### REQUIREMENT
Go to the line containing "2 Tetinas +3m" below; retype it and all following lines exactly, and leave out the pictures.

### INPUT DATA
%%

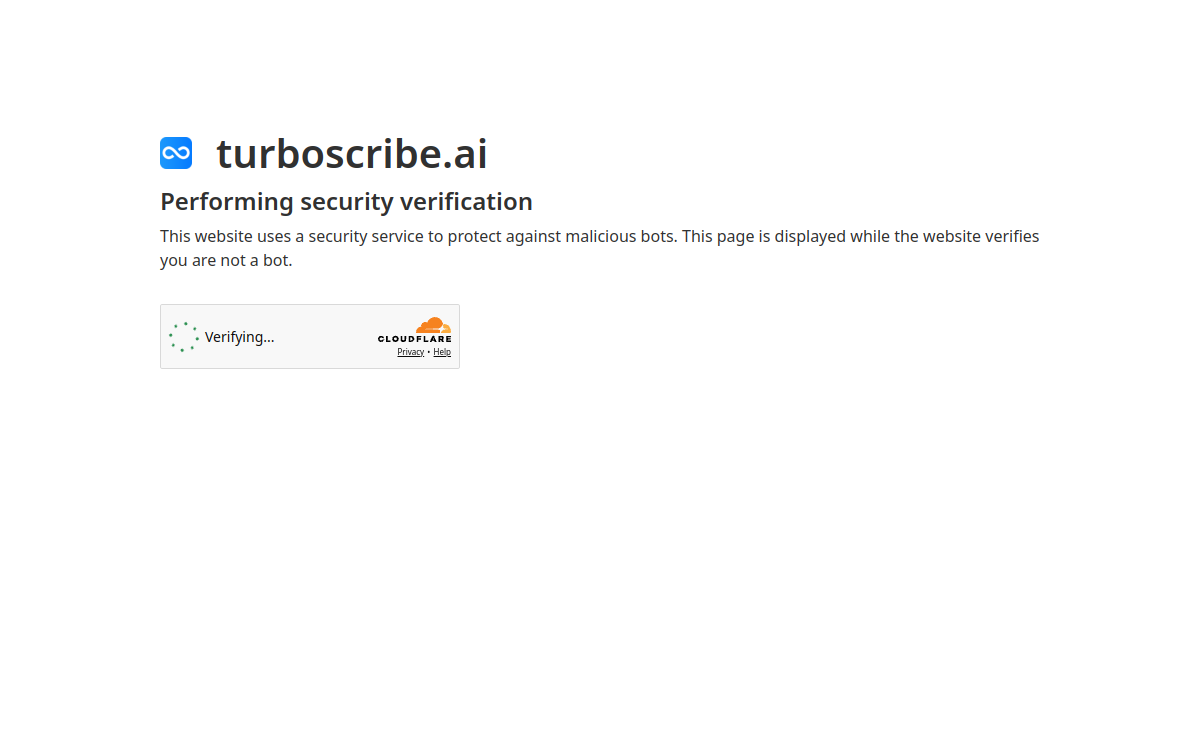 Screenshot of TurboScribe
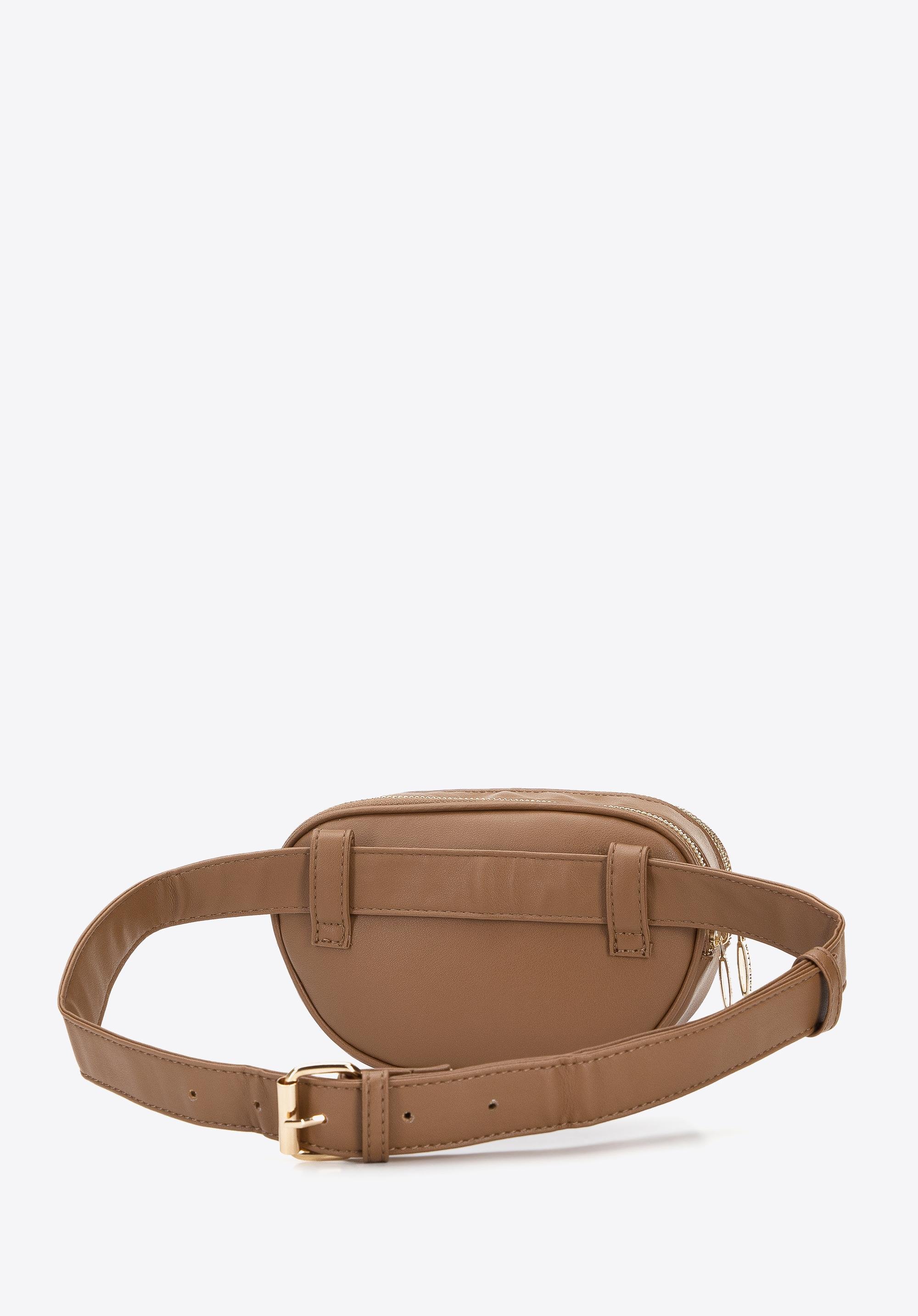 Damska torebka nerka z pikowanej ekoskóry dwukomorowa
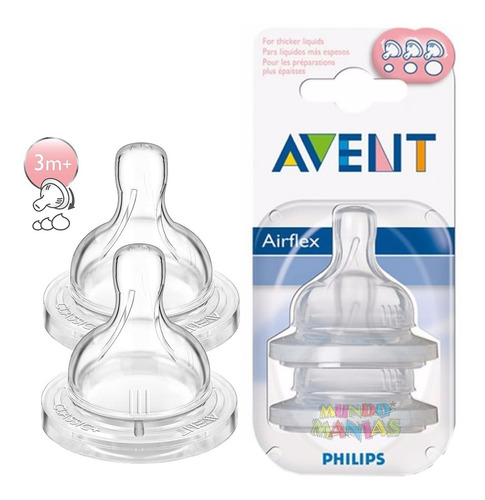 2 Tetinas +3m Variable Para Mamadera Classic Avent Philips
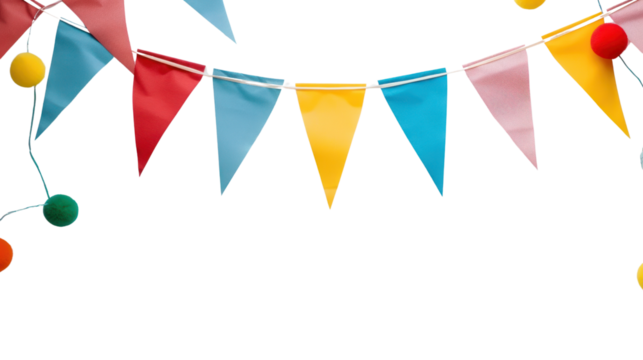 party flag border isolated on transparent and white background.PNG image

%%

### RESULT OF THE EXERCISE
 2 Tetinas +3m Variable Para Mamadera Classic Avent Philips
 party flag border isolated on transparent and white background.PNG image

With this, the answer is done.